New York Appellate Division declares March note sale 'not unconstitutional.'

The Appellate Division of the New York State Supreme Court yesterday reversed a lower court's ruling that the state's March sale of $531 million of deficit notes was unconstitutional.

In a unanimous vote, the four-judge appellate division panel overturned an April decision by state Supreme Court Judge Lawrence E. Kahn of Albany County declaring the sale of tax and revenue anticipation notes unconstitutional.

The earlier ruling was made on the grounds that the state sold the securities before adopting its fiscal 1993 budget on April 2 and without voter approval.

The panel said yesterday that the Trans sale "has not been shown to be unconstitutional." The court based its decision on legal precedent that allows the state to appropriate debt and bypass voter approval, according to court documents.

The latest ruling is a significant setback for taxpayer activist Robert L. Schulz, who filed the suit against the state, Gov. Mario M. Cuomo, and the New York State Legislature.

The decision basically upholds a set of legal precedents Mr. Schulz has sought to overturn to void some of the state's bonding activities.

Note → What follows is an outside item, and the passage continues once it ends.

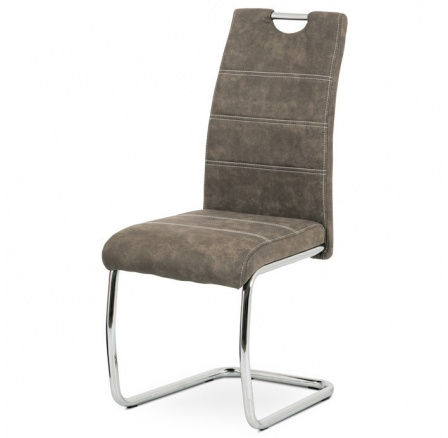 Jídelní židle, hnědá, látka, HC-483 BR3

Mr. Schulz, who has also sued the state over the constitutionality of its Local Government Assistance Corp. bonding, said yesterday in a telephone interview that he will appeal the case to the state's highest court, the Court of Appeals, on the grounds that New York has violated its constitution by selling the securities without voter approval.

"This raises a number of serious questions," Mr. Schulz said. "When the courts make it impossible for people to challenge the behavior of government, you have despotism in the extreme."

Nancy Connell, a spokeswoman for the state attorney general's office, which appealed Judge Kahn's ruling for the state, said her office "had anticipated the ruling all along," based on the Wein decisions of the 1970s.

The Wein decisions refer to a set of cases involving Brooklyn Law School Professor Leon E. Wein, who unsuccessfully sued the state in the 1970s for selling debt without taxpayer approval.

Judge Kahn in his April ruling said that the state violated the constitution because it sold the deficit Trans well before its April 2 adoption of the fiscal 1993 budget.

Trans are short-term securities that are billed as repayable in state taxes or state revenues. Judge Kahn ruled that, "The state had no budget upon which to reasonably anticipate the existence of sufficient taxes or revenues ... for the 1992-1993 fiscal year."

"What occurred here was an unconstitutional rollover of state debt without voter approval," he added.

But the appellate division said that under the precedent established in the Wein rulings, Mr. Schulz must show that revenue estimates by the state were somehow "dishonest." The court said the central issue in the case is whether the state could have "reasonably" anticipated that it would have sufficient taxes and revenues in the fiscal 1993 budget to cover the $531 million Trans sale.

"Because plaintiffs have failed to meet their burden of establishing that the 1992-1993 budget estimates were unreasonable or dishonest, the Supreme Court erred in declaring the issuance of $531 million in Trans unconstitutional and reversal is in order," the appellate division said in its order released yesterday.